*SUPPLIED ENTRIES*:
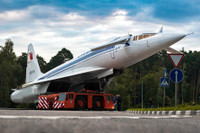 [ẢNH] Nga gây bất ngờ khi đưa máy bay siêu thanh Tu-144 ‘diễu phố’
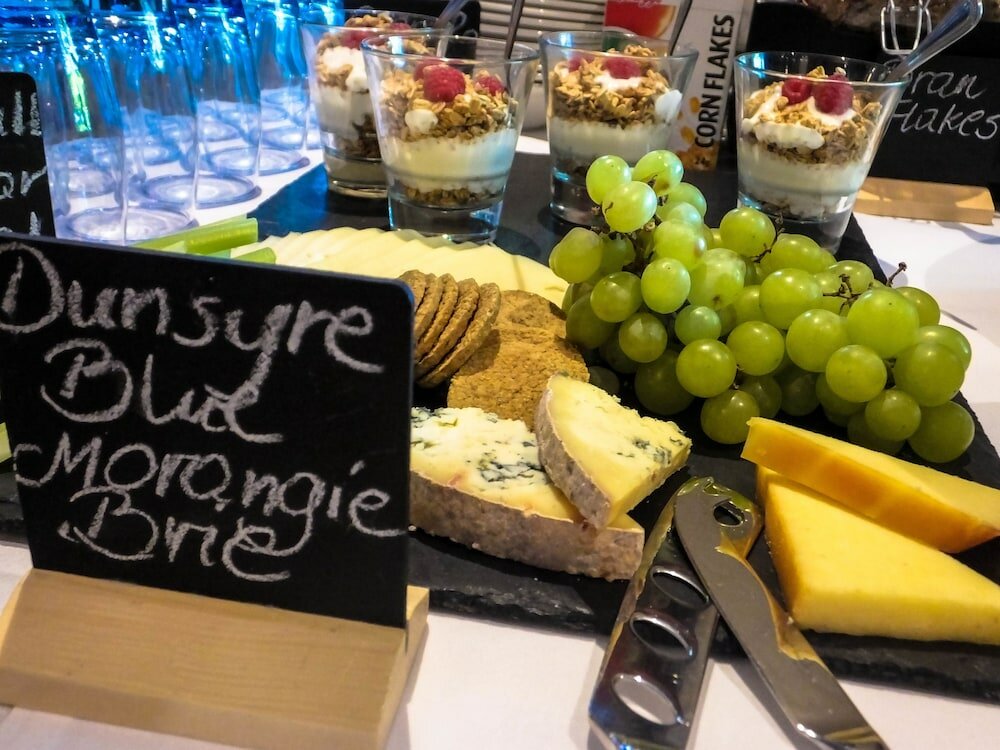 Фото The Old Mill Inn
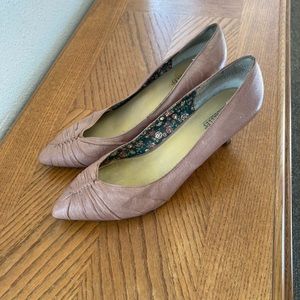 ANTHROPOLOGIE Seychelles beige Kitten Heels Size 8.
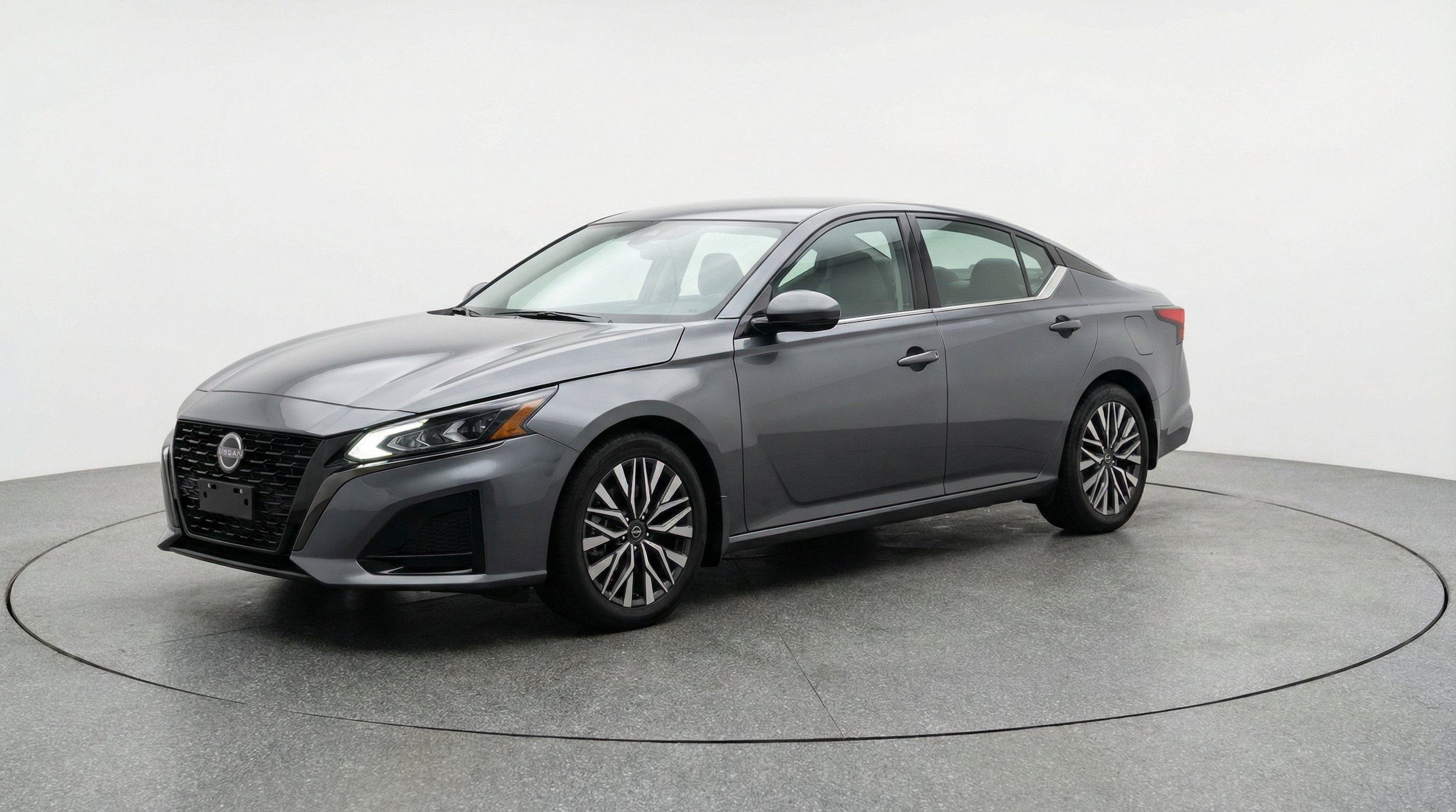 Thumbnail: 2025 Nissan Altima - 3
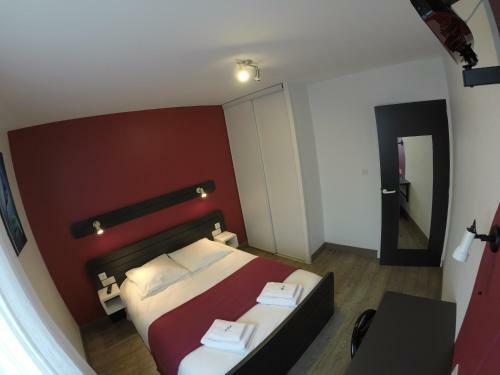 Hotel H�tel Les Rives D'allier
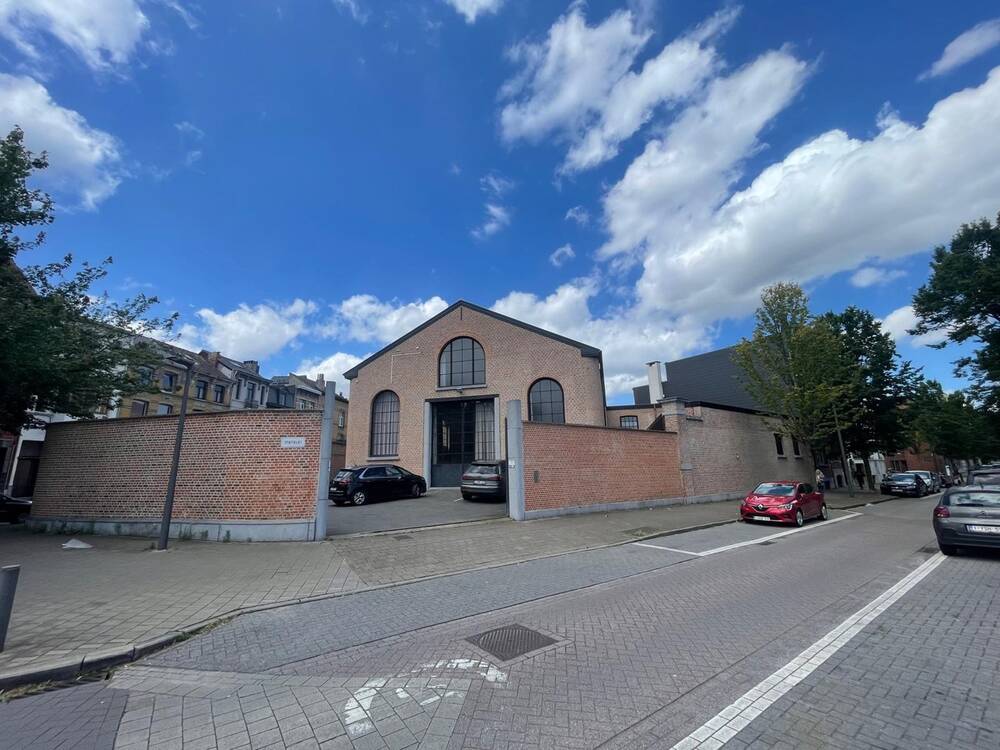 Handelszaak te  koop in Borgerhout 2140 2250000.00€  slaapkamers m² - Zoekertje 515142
...
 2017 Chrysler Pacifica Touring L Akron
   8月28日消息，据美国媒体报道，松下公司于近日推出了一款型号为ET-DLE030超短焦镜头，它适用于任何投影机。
* * *
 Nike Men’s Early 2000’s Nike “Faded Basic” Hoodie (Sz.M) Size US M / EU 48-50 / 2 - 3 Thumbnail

*WORK ORDER*: Using the entries above, extract exactly the lines from the one that contains "[ẢNH] Nga gây" through the one that contains "- Zoekertje 515142". Do not carry over any pictures.

*RESULT*:
 [ẢNH] Nga gây bất ngờ khi đưa máy bay siêu thanh Tu-144 ‘diễu phố’
 Фото The Old Mill Inn
 ANTHROPOLOGIE Seychelles beige Kitten Heels Size 8.
 Thumbnail: 2025 Nissan Altima - 3
 Hotel H�tel Les Rives D'allier
 Handelszaak te  koop in Borgerhout 2140 2250000.00€  slaapkamers m² - Zoekertje 515142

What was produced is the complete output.